Descriptions, Reviews, Etc.
Publisher Description:
Anyone who reads the Gospels carefully will notice that there are differences in the manner in which they report the same events. These differences have led many conservative Christians to resort to harmonization efforts that are often quite strained, sometimes to the point of absurdity. Many
people have concluded the Gospels are hopelessly contradictory and therefore historically unreliable as accounts of Jesus. The majority of New Testament scholars now hold that most if not all of the Gospels belong to the genre of Greco-Roman biography and that this genre permitted some flexibility
in the way in which historical events were narrated. However, few scholars have undertaken a robust discussion of how this plays out in Gospel pericopes (self-contained passages).

Why Are There Differences in the Gospels? provides a fresh approach to the question by examining the works of Plutarch, a Greek essayist who lived in the first and second centuries CE. Michael R. Licona discovers three-dozen pericopes narrated two or more times in Plutarch's Lives, identifies
differences between the accounts, and analyzes these differences in light of compositional devices identified by classical scholars as commonly employed by ancient authors.
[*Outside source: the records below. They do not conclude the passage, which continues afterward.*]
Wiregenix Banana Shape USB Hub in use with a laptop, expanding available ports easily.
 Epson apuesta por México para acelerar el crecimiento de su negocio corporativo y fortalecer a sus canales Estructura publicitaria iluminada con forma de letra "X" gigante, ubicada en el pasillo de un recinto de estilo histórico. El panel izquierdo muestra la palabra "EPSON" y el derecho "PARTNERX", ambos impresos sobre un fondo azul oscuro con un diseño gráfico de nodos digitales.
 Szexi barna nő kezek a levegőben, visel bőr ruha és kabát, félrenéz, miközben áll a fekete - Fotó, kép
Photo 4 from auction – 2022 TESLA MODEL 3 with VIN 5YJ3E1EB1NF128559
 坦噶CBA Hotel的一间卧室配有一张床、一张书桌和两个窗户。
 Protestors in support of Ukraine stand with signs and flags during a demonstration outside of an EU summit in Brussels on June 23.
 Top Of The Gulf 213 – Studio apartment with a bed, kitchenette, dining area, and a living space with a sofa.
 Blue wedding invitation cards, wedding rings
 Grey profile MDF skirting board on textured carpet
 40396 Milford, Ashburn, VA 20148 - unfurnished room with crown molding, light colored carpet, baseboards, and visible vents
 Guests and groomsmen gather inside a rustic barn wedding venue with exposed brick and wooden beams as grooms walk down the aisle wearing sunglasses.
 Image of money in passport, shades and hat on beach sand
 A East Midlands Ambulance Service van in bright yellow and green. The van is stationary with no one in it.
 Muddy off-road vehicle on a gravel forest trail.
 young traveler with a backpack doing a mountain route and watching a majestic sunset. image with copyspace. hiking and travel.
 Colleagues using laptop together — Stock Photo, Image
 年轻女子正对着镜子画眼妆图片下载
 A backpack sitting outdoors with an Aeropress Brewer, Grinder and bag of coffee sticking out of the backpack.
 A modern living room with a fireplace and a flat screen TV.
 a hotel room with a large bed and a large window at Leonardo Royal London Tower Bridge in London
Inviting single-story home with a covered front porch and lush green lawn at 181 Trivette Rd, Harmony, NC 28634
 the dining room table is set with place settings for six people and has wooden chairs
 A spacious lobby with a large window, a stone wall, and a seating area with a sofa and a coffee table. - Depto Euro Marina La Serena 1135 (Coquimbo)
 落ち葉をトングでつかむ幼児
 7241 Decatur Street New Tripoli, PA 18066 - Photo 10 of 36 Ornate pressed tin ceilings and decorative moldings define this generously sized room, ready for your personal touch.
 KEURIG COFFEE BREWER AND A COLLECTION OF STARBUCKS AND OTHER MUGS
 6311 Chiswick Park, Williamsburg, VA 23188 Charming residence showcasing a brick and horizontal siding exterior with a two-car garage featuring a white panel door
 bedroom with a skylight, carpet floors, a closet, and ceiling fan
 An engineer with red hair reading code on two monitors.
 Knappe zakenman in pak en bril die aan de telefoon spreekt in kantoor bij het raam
The book then applies the same approach to nineteen pericopes that are narrated in two or more Gospels, demonstrating that the
major differences found there likely result from the same compositional devices employed by Plutarch.

Showing both the strained harmonizations and the hasty dismissals of the Gospels as reliable accounts to be misguided, Licona invites readers to approach them in light of their biographical genre and in that way to gain a clearer understanding of why they differ.